● What you have to do:
Transcribe the listing below exactly, without pictures.

● Provided material:
= Beginning of Section =

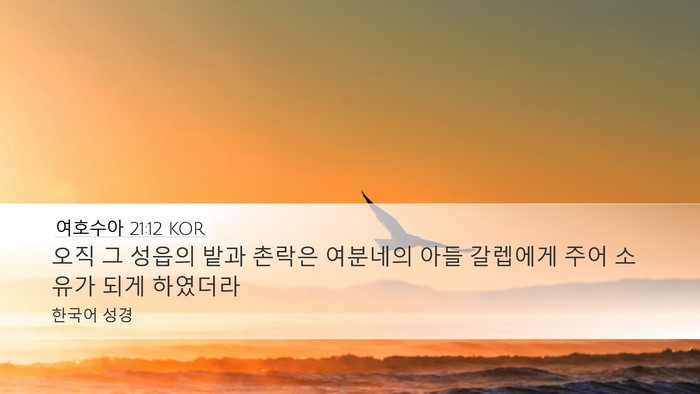 여호수아 21:12 KOR Desktop Wallpaper - 오직 그 성읍의 밭과 촌락은 - Desktop Bible Verse Wallpaper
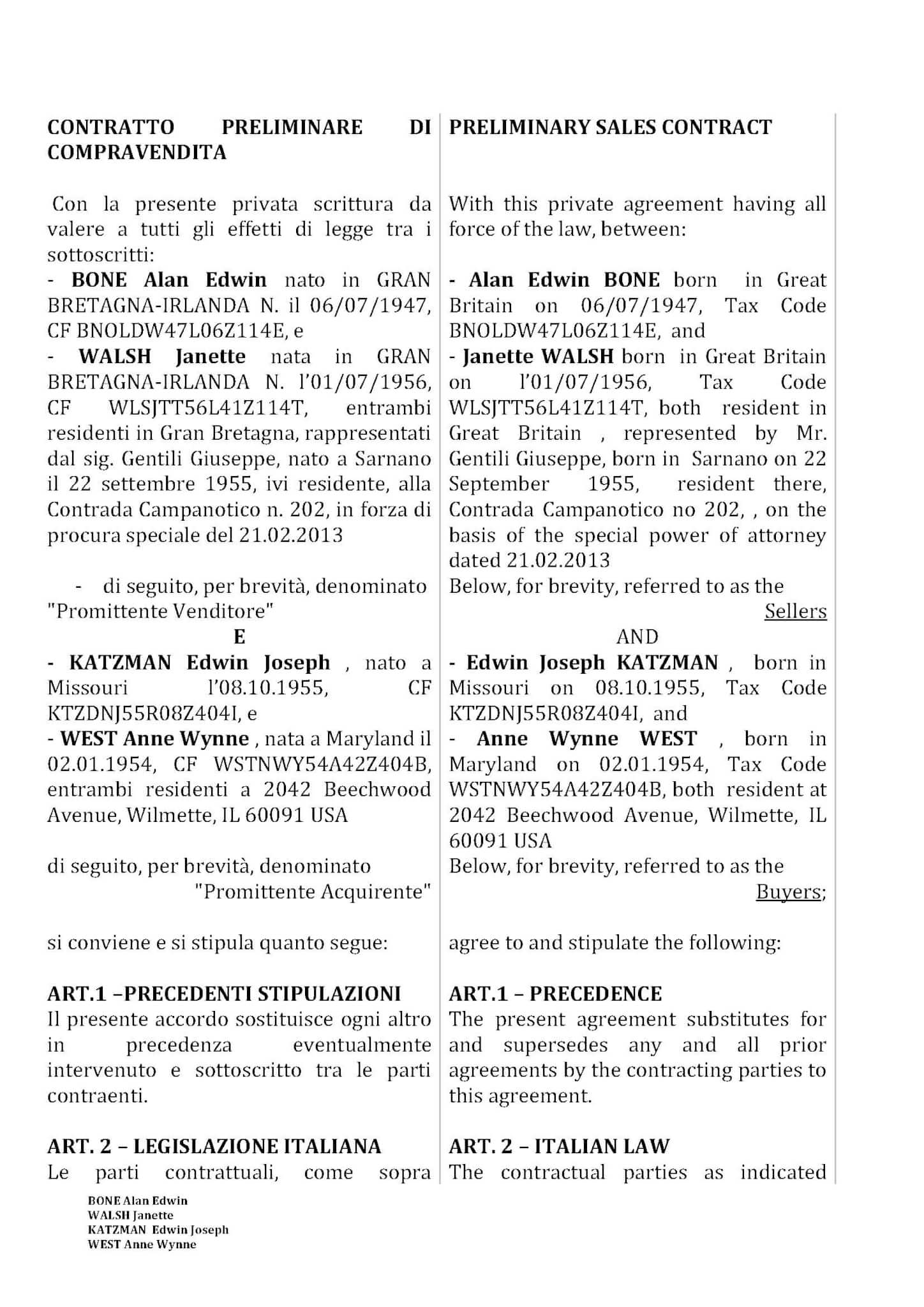 Italian property purchase agreement draft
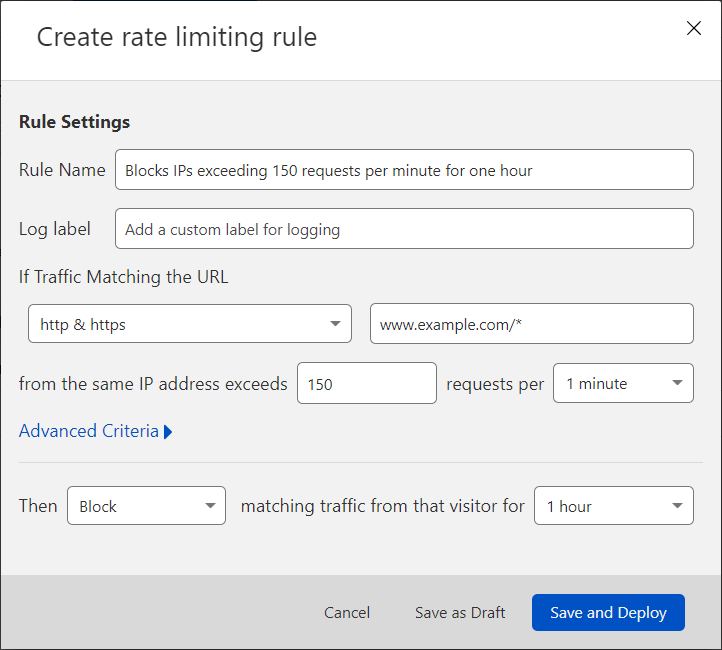 Create rate limiting rule pop-up dialog with an example rule configuration. The rule will block requests from IP addresses that exceed 150 requests per minute for one hour.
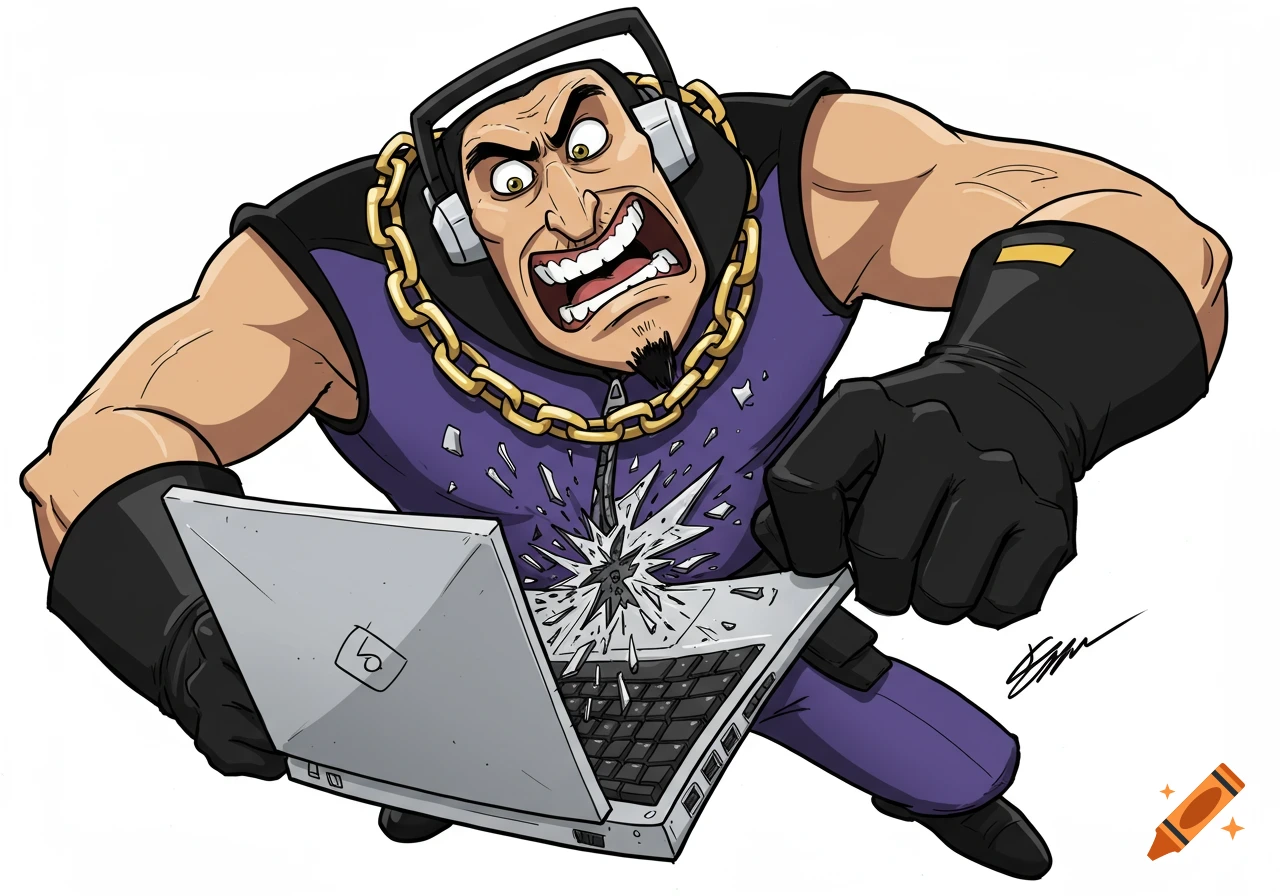 Cartoon illustration of a muscular man with headphones and a chain ...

= End of Section =

● Exercise result:
 여호수아 21:12 KOR Desktop Wallpaper - 오직 그 성읍의 밭과 촌락은 - Desktop Bible Verse Wallpaper
 Italian property purchase agreement draft
 Create rate limiting rule pop-up dialog with an example rule configuration. The rule will block requests from IP addresses that exceed 150 requests per minute for one hour.
 Cartoon illustration of a muscular man with headphones and a chain ...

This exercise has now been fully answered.